Many innovative technologies come from the military world. This is valid under many aspects that do not strictly concern with war strategies. Over the centuries the military world has developed strategic solutions that have proved to be fundamental for the management of common life. Just think of the architecture and planning of the territory and cities or the study of mechanics. Up to modernity with the development of increasingly sophisticated technologies such as GPS, touchscreens, or the Internet itself, all the result of military investments.
Watchword: open cloud architecture
With the arrival of the metaverse, the intentions of the company are to make users dependent on their technology within a closed and commercialized ecosystem. This would involve a rather narrow vision of the metaverse, reductive of the internal simulation technology. A self-respecting virtual world must remain open and support thousands of simultaneous players, offering valuable and engaging use cases. Realizing this vision requires an open cloud architecture with native support for cloud scalability. And military organizations are moving towards building an effective realization of this kind of metaverse.
A metaverse is even real
The U.S. Army started from the scalable and cloud-supported metaverse, in creating synthetic training environment (STE) under development since 2017. Replace all programs simulation and integrate multiple systems into a single connected system for combined weapons and joint training, are the primary intents of the STE.
The ambition of the STE is to draw on the available data resources automatically to render millions of simulated entities, such as AI-based vehicles or pedestrians.
In the first place, the STE is different from any type of traditional, server-based approach. For example, it will be able to host a 1:1 digital twin of the earth in the cloud capable of streaming high-fidelity images from the ground, all connected to simulations.
New terrain management platforms such as Mantle ETM will ensure that all connected systems operate on exactly the same terrain data. Thus, for example, trainees in a tank simulator will see the same trees, bushes and buildings as the pilot in a connected flight simulator, facilitating combined weapons operations. At the same time, however, the scalability of the Cloud will allow a better representation of the real world, with more details such as the population density and the complexity of the terrain that traditional servers were not able to support.
Not just marketing
STE will be very different from the rest of the metaverse and this will be the key to its success.
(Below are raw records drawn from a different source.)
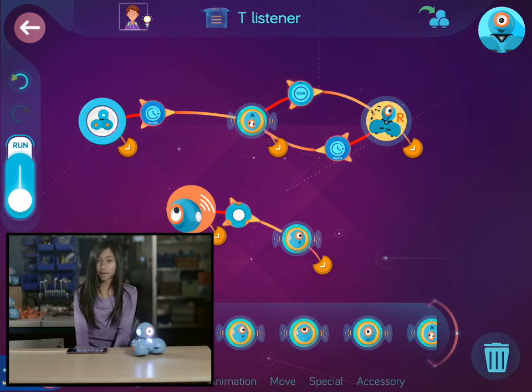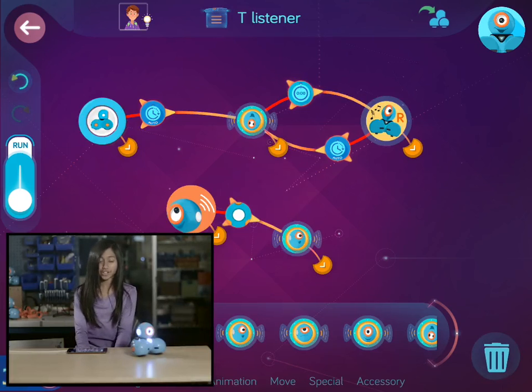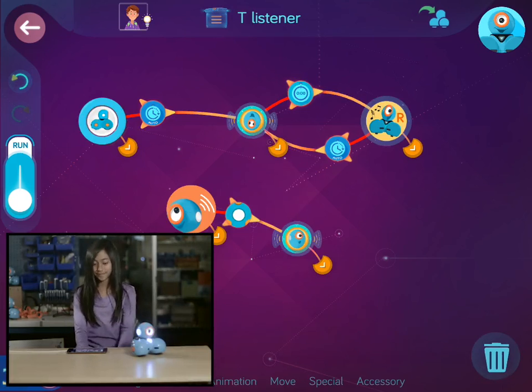Now when I run the program, Dash will sing and dance, but I can interrupt the loop whenever I want by tapping Dash's top button. Let's give it a try.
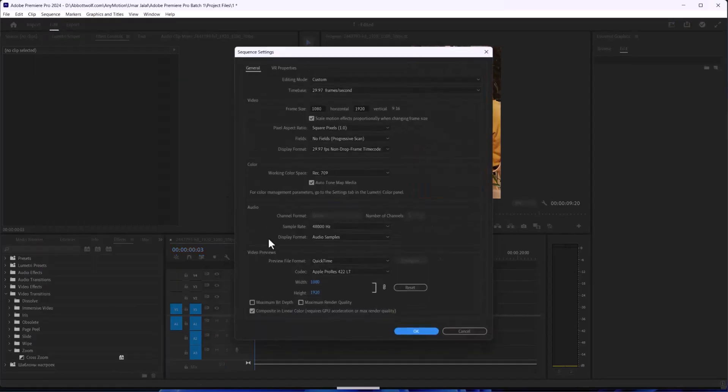After that, go to Sequence Settings. Make sure under the Video Previews this has been ticked and press OK.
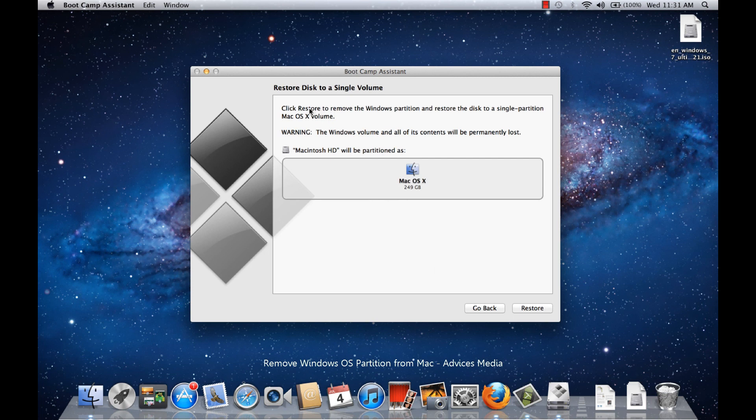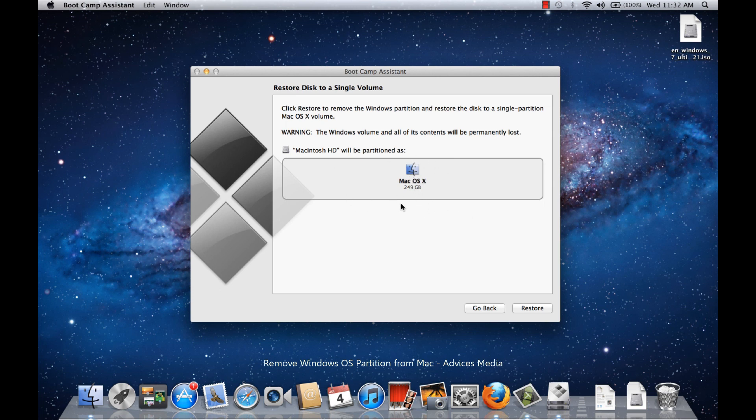Next, click Restore to remove the Windows partition and restore the disk to a single partition Mac OS X volume. The Windows volume and all its data would be lost. Earlier we had created a Windows volume of around 200 GB and kept the Mac at 50 GB. Now what would happen is that this would become a 250 GB Mac OS X drive.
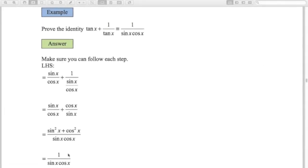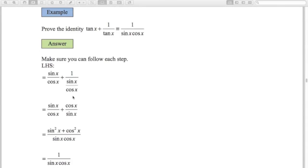Example 2: prove that tan x + 1/tan x = 1/(sin x cos x). Starting with the left-hand side, I replace tan x with sin x/cos x. Then 1/tan x becomes 1 ÷ (sin x/cos x) = cos x/sin x. Adding these two fractions with common denominator sin x cos x: I multiply the first numerator by sin x to get sin²x, and the second by cos x to get cos²x. The numerator sin²x + cos²x simplifies to 1, giving 1/(sin x cos x). Proved.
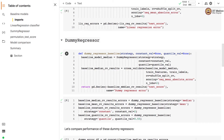We train four different dummy regressor baselines using the strategies: median, mean, constant, and quantile. In the constant strategy, the model will always predict the value 2, and in the quantile strategy, it will predict the 0.55th quantile — that is, the 55th percentile of the target distribution.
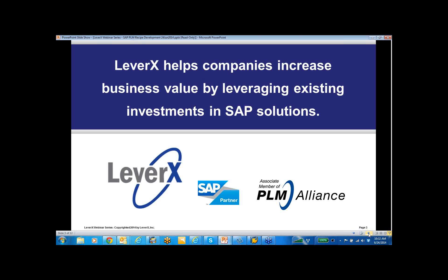My name is Alan Mendel, Vice President at LeverX, and I will be the moderator for today's webinar. Before we begin our topic, let me briefly introduce you to LeverX. LeverX helps companies increase business value by leveraging existing investments in SAP solutions.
It was designed for specific purposes such as improving soldier training, simulating missions, and experimenting with new systems for the real world. To do this, it’s necessary an accurate representation of the Earth.
The commercial realities, but also the healthy ones will continue to build fantasy “meta worlds”, with few similarities with the real world.
But when the STE will be used in day-to-day training by 2030, the graphical consistency and resource usability of the cloud-based military open source world will demonstrate that the value of the metaverse is untied from sales and purchase ambitions and can truly improve lives of all.